植物を元気に育てるには、それぞれに合った環境を作ってあげることが大切です。中でも、植物が育つ土はアルカリ性や酸性といった酸性度合い(pH)が違い、異なる酸性度合いの土で育てると、生育が悪くなって枯れてしまうことも。消石灰は、土をアルカリ性に変えるために欠かせない土の1つです。今回は、消石灰とはどんなものなのか、生石灰との違い、効果や消毒・肥料としての使い方、価格についてご紹介します。
消石灰とは?
消石灰とは、水酸化カルシウムの別名です。水酸化カルシウムは、全国各地で採掘される石灰石に水を加え、熟成させることで粉末状になります。

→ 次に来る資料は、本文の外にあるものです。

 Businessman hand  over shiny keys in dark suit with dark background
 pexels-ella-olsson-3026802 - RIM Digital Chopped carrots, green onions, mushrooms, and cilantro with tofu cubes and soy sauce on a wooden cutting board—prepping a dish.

こんにゃくの凝固剤といった食品、化粧品など生活用品、砂や改装中術物と練り合わせたものは、壁や天井に塗られる漆喰(しっくい)として多く利用されています。目に入ると有害なことから、今では使われなくなりつつありますが、学校のグラウンドに白線として引いていたのも消石灰なんですよ。
園芸では、土に少量を混ぜ込んで寝かせることで、アルカリ性(pH度数)を高める効果があります。中性やアルカリ性の土を好む植物を育てる場合や、長年雨で酸性度が高くなった庭の土を改良するために利用されます。
消石灰の消毒や肥料の効果は?pHは?
消石灰には肥料となる成分は含まれていませんが、pH12と強いアルカリ性であることから、園芸では酸性の土を中和するために用います。※pHの表は下にあります。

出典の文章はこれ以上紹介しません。